按列表排序索引 - Python Pandas
声明:本页面是StackOverFlow热门问题的中英对照翻译,遵循CC BY-SA 4.0协议,如果您需要使用它,必须同样遵循CC BY-SA许可,注明原文地址和作者信息,同时你必须将它归于原作者(不是我):StackOverFlow
原文地址: http://stackoverflow.com/questions/45389126/
Warning: these are provided under cc-by-sa 4.0 license.
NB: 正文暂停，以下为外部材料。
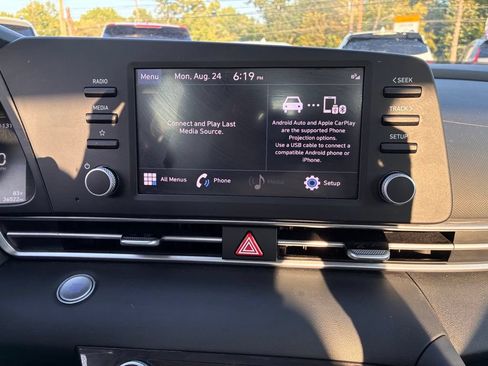 Used 2023 Hyundai Elantra SEL FWD image 30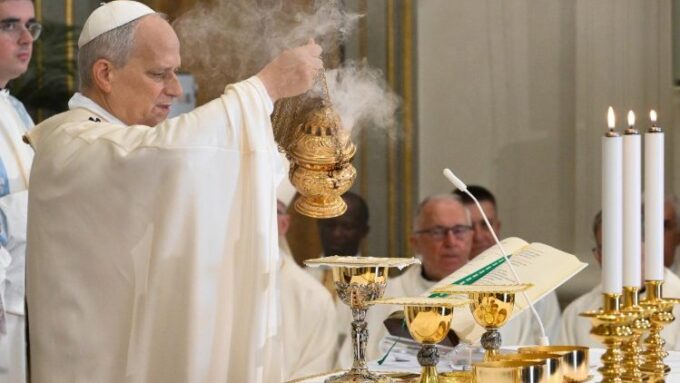 Papa celebrando missa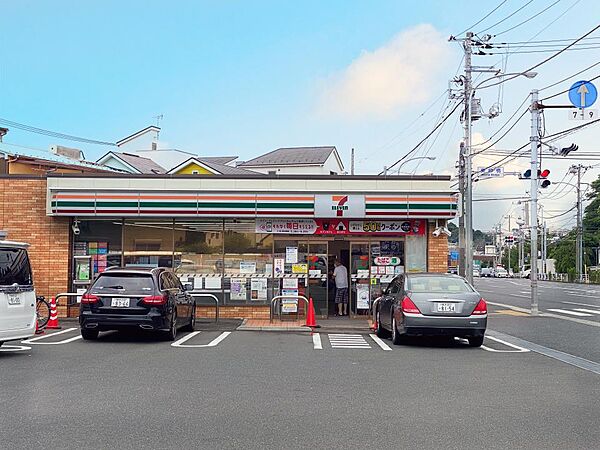 24時間営業ですので、急な買い物に便利です。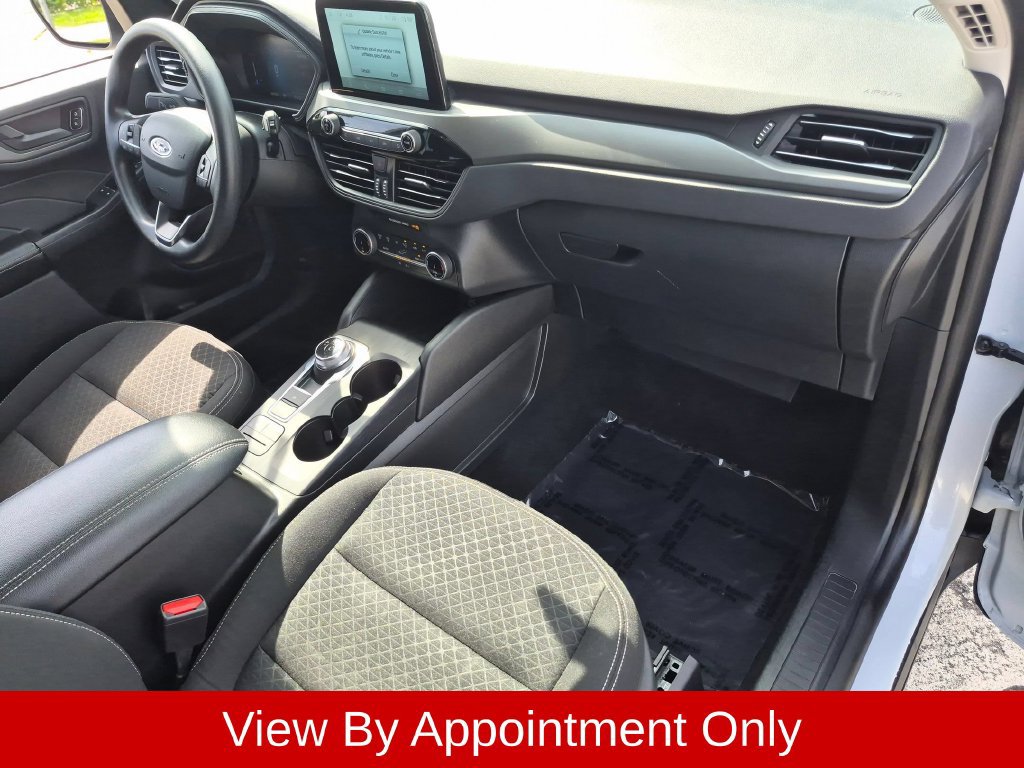 Used 2025 Ford Escape Active AWD/4WD image 32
You are free to use/share it, But you must attribute it to the original authors (not me):
StackOverFlow
Sort Index by list - Python Pandas
提问by ScoutEU
I have a dataframe that I have pivoted:
我有一个已旋转的数据框:
FinancialYear 2014/2015 2015/2016 2016/2017 2017/2018
Month
April 42 32 29 27
August 34 28 32 0
December 45 51 28 0
February 28 20 28 0
January 32 28 33 0
July 40 66 31 30
June 32 67 37 35
March 43 36 39 0
May 34 30 24 29
November 39 32 31 0
October 38 39 28 0
September 29 19 34 0
This is the code that I used:
这是我使用的代码:
new_hm01 = hmdf[['FinancialYear','Month','FirstReceivedDate']]
hm05 = new_hm01.pivot_table(index=['FinancialYear','Month'], aggfunc='count')
df_hm = new_hm01.groupby(['Month', 'FinancialYear']).size().unstack(fill_value=0).rename(columns=lambda x: '{}'.format(x))
The Months are not in the order I want, so I used the following code to reindex it according to a list:
月份不是我想要的顺序,所以我使用以下代码根据列表重新索引它:
vals = ['April', 'May', 'June', 'July', 'August', 'September', 'October', 'November', 'December', 'January', 'February', 'March']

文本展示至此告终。